Since launching our new website in June 2025, we’ve shared a lot about the changes in our grantmaking from the purpose and intention to the process. Now, we'd like to tell you about the infrastructure behind the process. Exciting, right? Well, it is.
For Collins to continue to do the kind of grantmaking centered on the people and places that make Oregon a special place to live, the technical foundation of our grantmaking system had to align with our values of equity, community, and connection.
We found partners in two firms with impeccable technical skills and a shared approach to mission-centered work: Grouptrail, a software company and Certified Minority Business Enterprise headquartered in Portland, and Colmena Consulting, a Baltimore-based producer co-op for consultants and coaches. Like us, they center relationships in how they work, offering highly responsive, people-first service.
Grouptrail and Colmena Consulting didn't build a system for us; they co-designed one with us. We're proud to call them true collaborators. The result is a grants management system that focuses on connection and relationships with communities and organizations, not on transactions and compliance.

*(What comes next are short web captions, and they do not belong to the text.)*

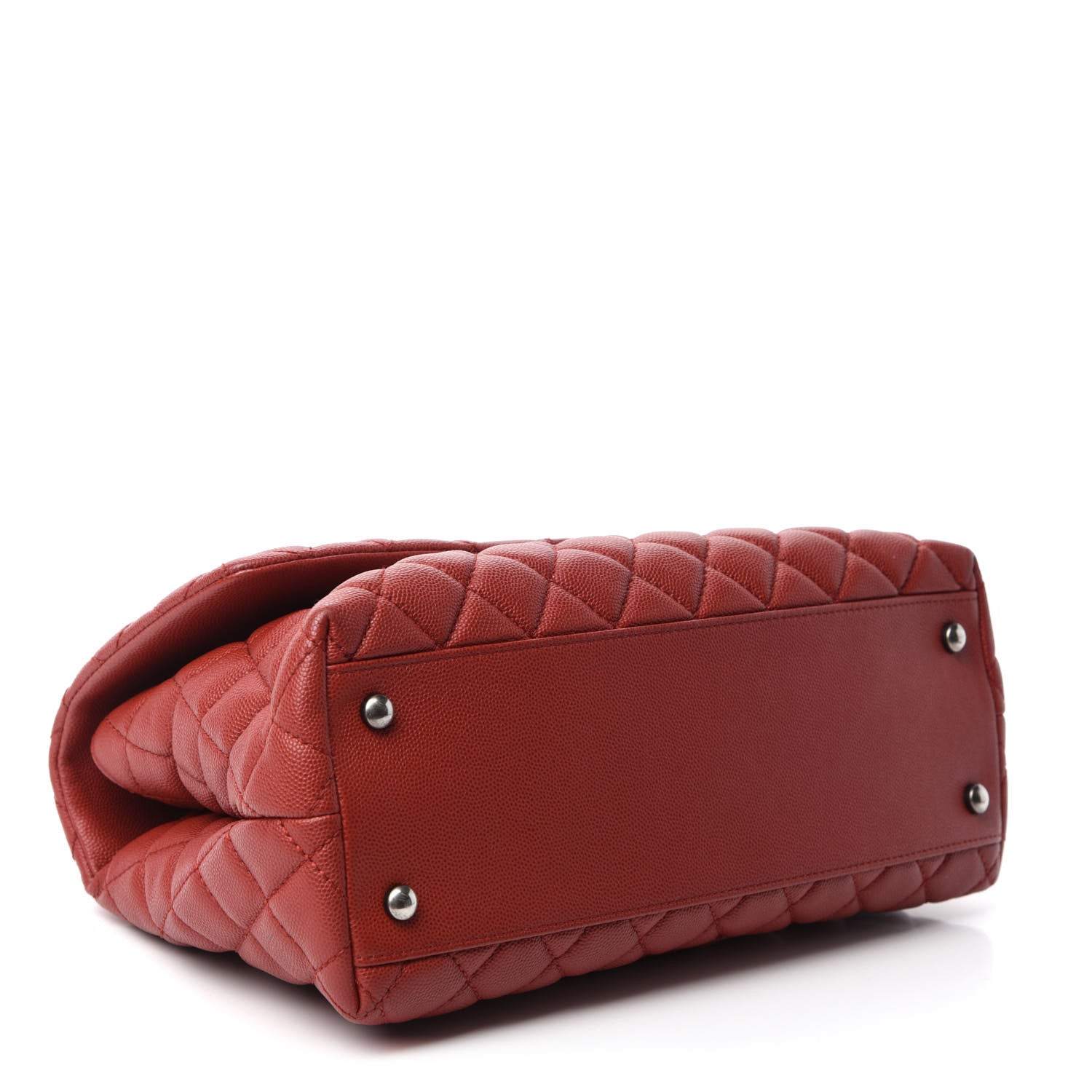 Chanel Caviar Quilted Small Coco Handle Flap Dark Red 4 of 12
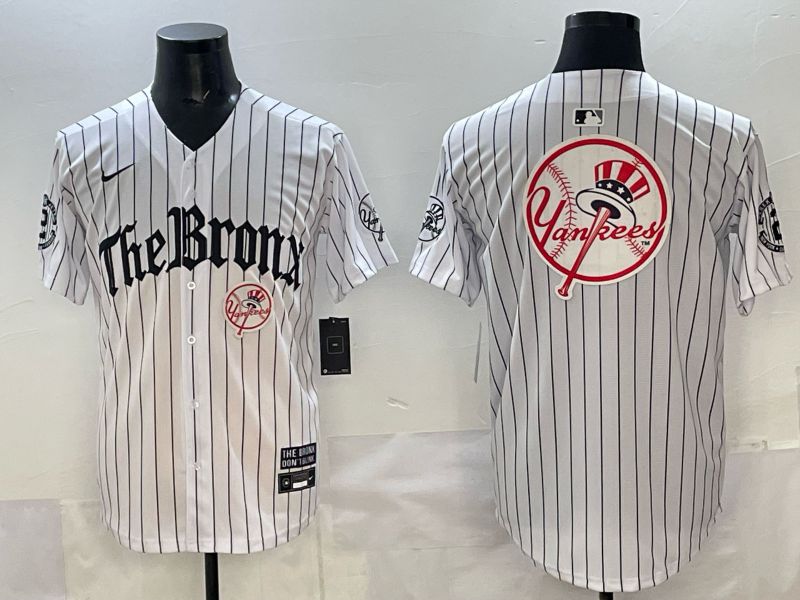 Men 2025 New York Yankees Blank White Stripe Five generations Joint Name Nike MLB Jersey style 024
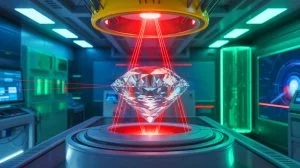 Illustration de l'amorphisation induite par choc dans le diamant lors des expériences de fusion nucléaire.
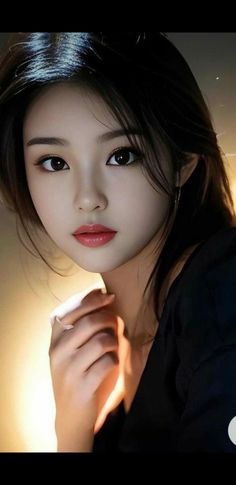 Woman with long black hair and a black top, looking directly at the viewer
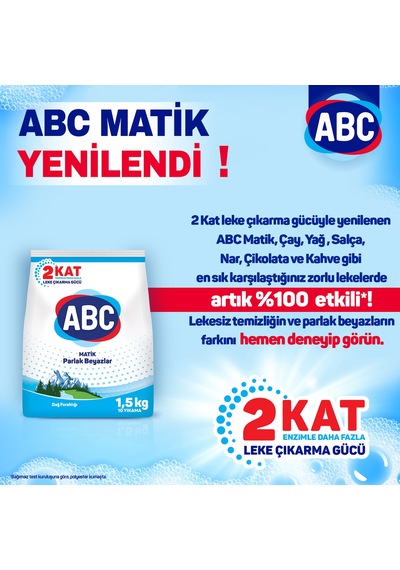 ABC Matik Dağ Ferahlığı Toz Çamaşır Deterjanı 10 Yıkama 2 x 1500 G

As we continue to grow as a learning foundation, Collins uses the data we collect from organizations in our grantmaking system to keep us accountable. Our new system allows us to track our entire grant workflow from the first step of the Partnership Alignment Screener all the way through award notification. More importantly, it lets us collect the data we need to monitor our key indicators and goals, so we can honestly ask ourselves: Are we doing what we said we would do? Are we reaching the communities we committed to serve?
Since we reopened the GO Grants in June 2025, here's where we stand:
We have processed 1,337 requests.
848 requests were declined at the Partnership Alignment Screener, Eligibility, or Initial Assessment stages.
225 general operating grants have been awarded, totaling $14,009,000.
17% of submitted requests are being awarded.
77% of organizations awarded have community-specific leadership.
90% of organizations that have been awarded offer community-specific programming.
55% of organizations awarded have budgets smaller than $500,000.
These numbers matter to us. They tell us we're reaching smaller organizations that have historically been passed over by philanthropy. They tell us we're funding groups led by and accountable to the communities they serve. And these numbers hold us to our word.
We heard from the field that some organizations anticipated our more accessible, less burdensome process would ease the competition for funding. The 17 percent award rate tells a different story. Removing barriers to applying makes it easier for organizations to show up and still allows us to hold a high standard for alignment.
General operating support. Community-specific leadership. Organizations with lean budgets doing outsized work. That's who we built this grantmaking system for. That's who we're accountable to. And now, we have the system to prove it.